BOJ governor Haruhiko Kuroda pledged on Oct. 31 to boost purchases of exchange-traded Japanese stock funds to about 3 trillion yen ($25.2 billion) a year from 1 trillion yen. The same day, the Government Pension Investment Fund, or GPIF, said it would more than double its target for domestic equities to 25 percent of assets.
Shrinking turnover
Almost none of that money is going to smaller shares. The BOJ buys exchange-traded funds linked to the Topix, the Nikkei 225 Stock Average and the JPX-Nikkei Index 400, all of which are filled with the nation’s biggest companies. About 86 percent of GPIF’s Japan stock holdings were passive investments following the Topix as of March, the most recent data that’s available.
Average daily turnover on the Topix since Oct. 31 has risen 7 percent from the same period a year earlier, according to data compiled by Bloomberg. That compares with a 23 percent decline for the Mothers gauge and 15 percent on the Jasdaq index, another measure of small shares.
“Our market now is an artificial one where the BOJ and GPIF buy,” said Masamitsu Ohki, chief portfolio manager at Fivestar Asset Management, which oversees about 2 billion yen. “I have to hold small-cap stocks and that’s pulling down performance.

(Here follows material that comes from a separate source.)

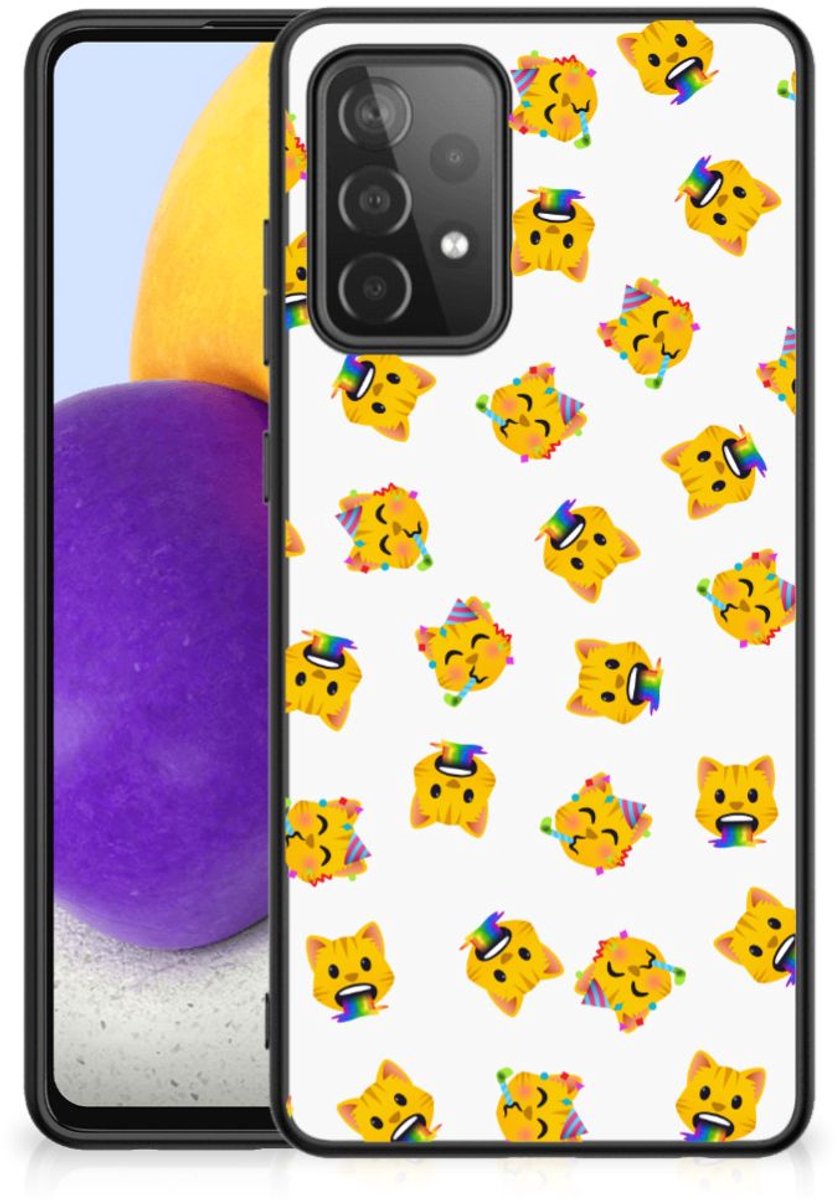 Back Case voor Samsung Galaxy A72 (5G/4G) Katten Emojis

Investing at the moment is difficult.”
The world’s third-largest economy crawled out of recession in the final three months of 2014, posting annualized growth of 2.2 percent that fell short of analyst estimates.
Abe’s success
Abe has succeeded in ending more than a decade of deflation, with the central bank’s preferred measure of prices increasing each month from June 2013 through December 2014. What hasn’t yet happened: wage growth. Pay packets adjusted for price changes have been falling since mid-2013, curbing the consumer spending that Abe needs to bed down his recovery.
Earnings per share on a trailing 12-month basis for companies in the Mothers index was 5.84 yen as of Feb. 19, a 75 percent drop from the end of 2012 when Abe was beginning his second term. For the Topix, it was 88 yen, 85 percent higher over the period. Companies on the Nikkei 225 are forecast to post record profits this year, spurring the index to the highest close last week since May 2000.
Bankruptcies linked to the yen’s 28 percent slide under Abe rose to a record in November, highlighting strains on small and medium-sized companies due to rising import costs, according to Teikoku Databank. Japan may see a continued increase in such corporate failures, the research company said in December.
Sharing spoils
Abe is relying on the bigger companies to share their wealth. In December, the premier called on those whose earnings have benefited from the weaker yen to boost wages and investments and review the prices they pay suppliers.
Toyota Motor, Japan’s largest company, forecasts profit to rise 17 percent to a record 2.1 trillion yen in the year ending March. The carmaker said this month it may ease up on its usual practice of squeezing suppliers to lower prices of auto parts.
The BOJ and GPIF’s preference for large-cap stocks has nothing to do with small-cap underperformance, according to Jonathan Allum, a strategist at SMBC Nikko Capital Markets in London. If true, smaller shares would have trailed the Topix since Kuroda stepped up ETF purchases two years ago, he said.
The Mothers index is skewed by a few big stocks that dominate weightings, and investors are paring holdings of shares that rallied in 2013, Allum said.
Not ‘discouraging’
“You could argue that the underperformance of the Mothers index, given its peculiar make-up, isn’t that surprising given how strong some of those names have been,” Allum said in a phone interview. On spreading the spoils, the evidence “isn’t completely discouraging,” he said. “Wealth effects are creeping through.”
The Mothers index surged 137 percent in 2013, its best year on record, compared with a 51 percent gain for the Topix. Mixi Inc., a social-networking site operator that has a 12 percent weighting on the smaller gauge, almost quadrupled that year. It’s down 24 percent since the end of October.
As long as the large-cap stocks have central bank support, smaller companies will inevitably suffer, said Makoto Kikuchi, the chief executive officer of Myojo Asset Management.
“While GPIF and the BOJ are buying, it’s unlikely the disparity in performance will reverse,” he said. “It’s hard to paint a picture where small stocks catch up.”